What’s So Hard About the Digital Classroom?

Our lives are digital. The interwebs have changed everything, which sounds like the tagline for a really cheesy film. But in all seriousness, it’s amazing how we are using the applications and tools out there. The podcast “Spark” from CBC recently talked to people who are vision impaired about how the Amazon Echo is making a huge difference to accessibility and speed for them. I was up at a friend’s cottage and watched him set up dimmer switches for lights for his fire pit that can be controlled by an app on his smartphone (that was cool).

So what’s happening in our schools and classrooms? I’m considering how educators are using digital tools across our district. We are entering the fifth year of a 1:1 pilot in seven elementary schools and also in all of our secondary schools. In addition, the vast majority of teachers and all administrators have one to one access to a device. While change is exciting, and we have seen teachers, principals and vice principals embrace digital tech in many ways, there are still many barriers. Educators struggle to figure out how to use tools for more than handing assignments in through Dropbox and Google Drive, simple substitution with worksheets or games or posting the weekly memo on School Sites.

I’ve seen staff meetings where everyone brings a device, and I’ve seen others where almost no one does. I’ve talked to grade 9 and 10 students whose teacher expects the device at every class and uses it, and others where they don’t bother bringing it because the teacher never asks.

I’m left scratching my head. When people post all kinds of updates on social media, send e-transfer funds zipping around and book their vacations through online sites, what’s so hard about using the tools for workflow and to learn? I know we have amazing resources in our district to teach and help, but these seem to go largely untapped.

Please comment or engage in this conversation on Twitter. I’d love to know more about perspectives out there.



7 Responses to “What’s So Hard About the Digital Classroom?”

  1. Sue, what a great and important post. I wonder if a piece of the challenge is the additional distractions with these digital tools. How do we merge low-tech and high-tech tools to best suit our different learners? Thinking about Self-Reg, how do these tools connect?

    Right now, I’m working at a camp program where students have amazing access to digital tools. I know that great things can happen, and in many ways they are, but some students still see these tools for their gaming or video potential only. Trying to link them with the learning potential can be challenging. Even as adults, when do we use digital tools for entertainment versus learning? Could this be part of the challenge?


    1. I agree that the entertainment vs. learning thing is a challenge for all of us. I love playing mindless games on my phone! It does take discipline to use the tool for something different. But, educators are highly educated, smart problem solvers. That’s what really puzzles me about the uptake.

      1. Could the problem be that not everyone sees the educational value in these tools? People will often put time towards problem solving when they believe that it’s worth this time. Curious to hear what others think about this.

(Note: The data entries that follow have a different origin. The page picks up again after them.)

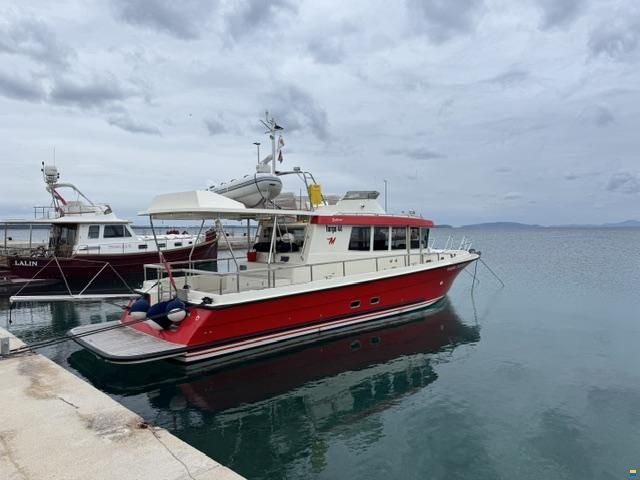 Botnia Targa 44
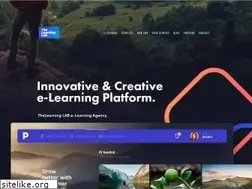 Sites similar to thelearning-lab.com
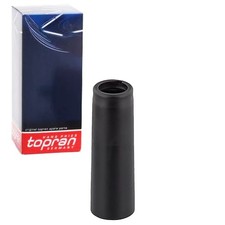 TOPRAN STAUBSCHUTZKAPPE HINTERACHSE BEIDSEITIG passend für AUDI A2 A3 SEAT LEON 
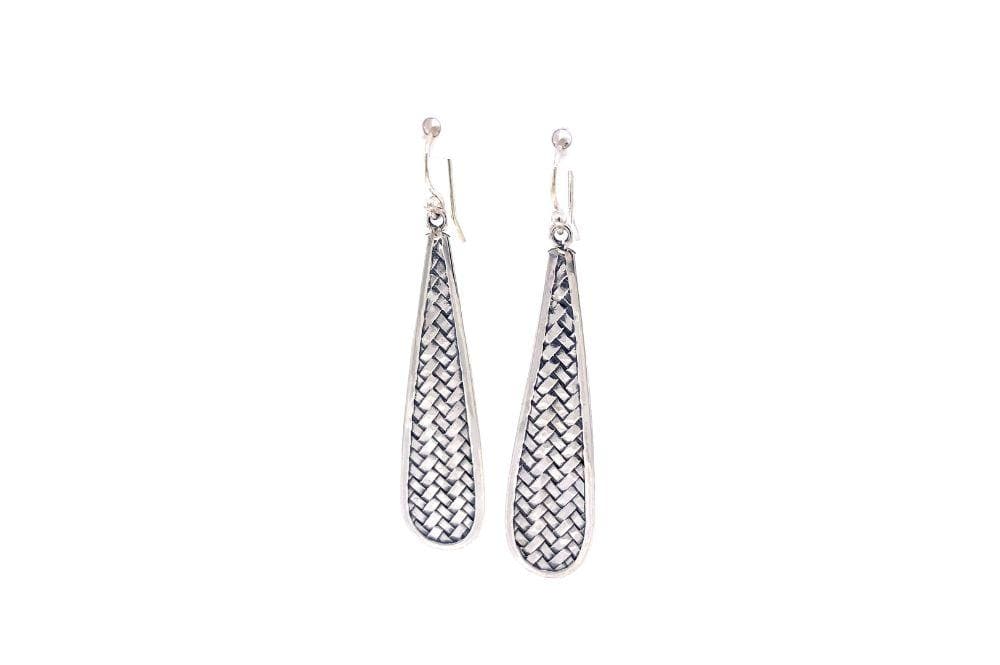 Tenun Earrings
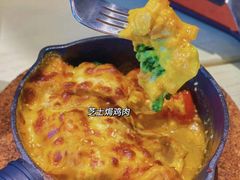 -必胜客(新海上世界店)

        1. Thanks for following up on this comment, Aviva. I get it, education is a small c conservative environment that generally doesn’t like change. “Value” is a subjective construct and it’s quite easy to not see value in things as a result. Willingness to try new things is more of a mindset and it takes a lot of effort, as you know. Of course, nothing worthwhile comes without effort.

          I’m mostly interested in how many educators have embraced the digital life at home, but not at school. That’s fascinating. I just read a post by Steve Wheeler: Digital is Default. You might be interested.

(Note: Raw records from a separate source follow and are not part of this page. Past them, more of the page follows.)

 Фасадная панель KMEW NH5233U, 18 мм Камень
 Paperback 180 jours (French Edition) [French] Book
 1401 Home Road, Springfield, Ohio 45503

          1. So funny, as I just saw your tweet about this post, as I then went to read your reply. I’m going to read the post now. Thanks for always giving me things to think about!


  2. Yasmin Smith Avatar
    Yasmin Smith

    I think we are going to look back at the past few decades and realize we messed up our kids because of our fascination with digital technology. It’s a new medium and we simply don’t know the long term effects: both good and bad. I’ve seen some great kids struggle to focus on their electronic homework and not succumb to online distractions, but its being called “digital heroin” for a reason. If we as adults are struggling, why do we not realize that children with developing brains will have an even harder time? God help the children with ADHD: electronics are their kryptonite and now the school board is their pusher. I think evidence is pointing to a correlation with student mental health issues and technology use. I am praying the pendulum will swing back towards a middle group with realizing that technology is a powerful but often destructive tool, before an entire generation of teenagers is ruined.

    1. Thanks for sharing your thoughts. So often we humans forget about balance and considering implications. I’m a digital person and an analogue person, and I make those conscious decisions daily. You’re right, we do need to teach our kids the same – and what tool is right for the task, whatever the task might be.

      I wonder, are you speaking about teenages from personal experiences? I’d love to hear your story if so.